• Task goal
Each record here should be printed again exactly; please leave its pictures out.

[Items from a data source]

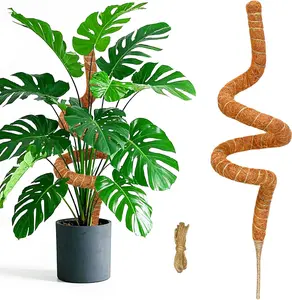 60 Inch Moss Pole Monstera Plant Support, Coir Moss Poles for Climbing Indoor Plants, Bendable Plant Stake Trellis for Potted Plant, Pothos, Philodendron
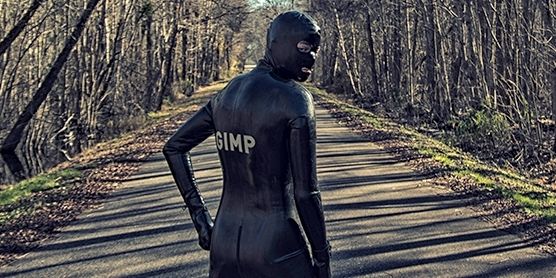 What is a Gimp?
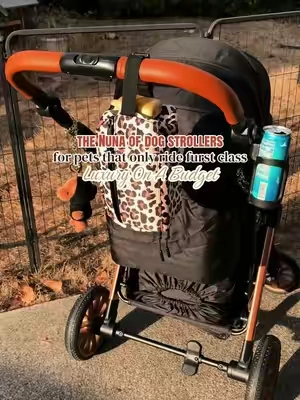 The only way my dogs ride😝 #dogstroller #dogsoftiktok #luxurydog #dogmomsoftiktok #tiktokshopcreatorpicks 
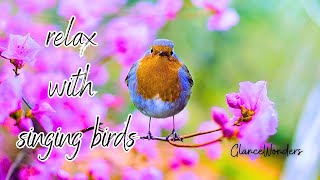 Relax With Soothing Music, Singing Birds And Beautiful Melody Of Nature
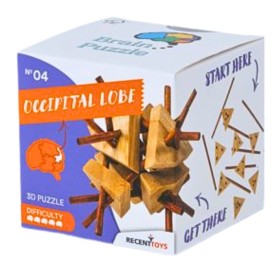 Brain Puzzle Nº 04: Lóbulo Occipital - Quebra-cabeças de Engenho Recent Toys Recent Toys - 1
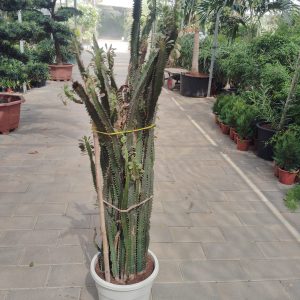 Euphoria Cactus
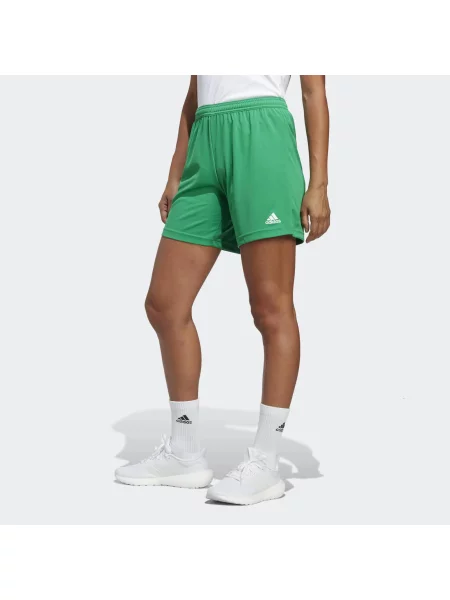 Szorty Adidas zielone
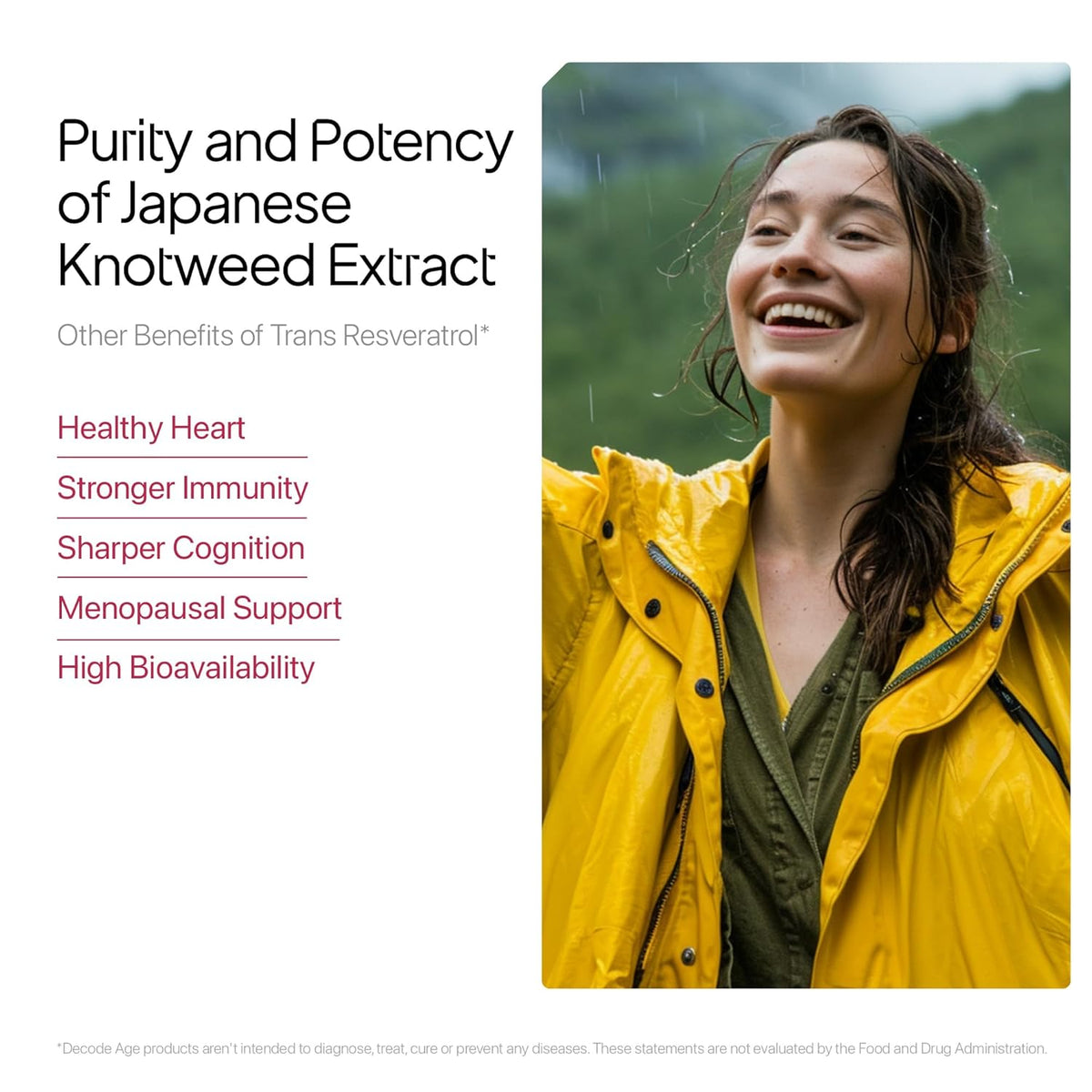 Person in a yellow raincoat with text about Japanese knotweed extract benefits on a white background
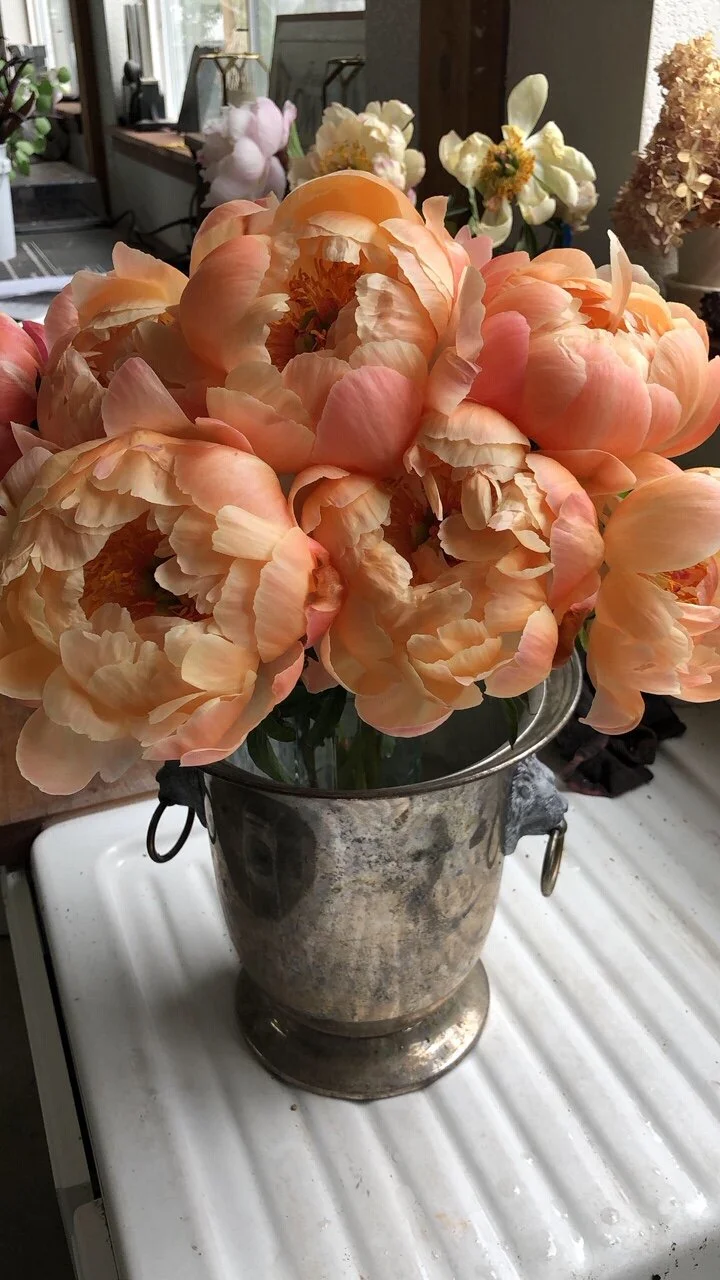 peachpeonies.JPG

• Task output
 60 Inch Moss Pole Monstera Plant Support, Coir Moss Poles for Climbing Indoor Plants, Bendable Plant Stake Trellis for Potted Plant, Pothos, Philodendron
 What is a Gimp?
 The only way my dogs ride😝 #dogstroller #dogsoftiktok #luxurydog #dogmomsoftiktok #tiktokshopcreatorpicks 
 Relax With Soothing Music, Singing Birds And Beautiful Melody Of Nature
 Brain Puzzle Nº 04: Lóbulo Occipital - Quebra-cabeças de Engenho Recent Toys Recent Toys - 1
 Euphoria Cactus
 Szorty Adidas zielone
 Person in a yellow raincoat with text about Japanese knotweed extract benefits on a white background
 peachpeonies.JPG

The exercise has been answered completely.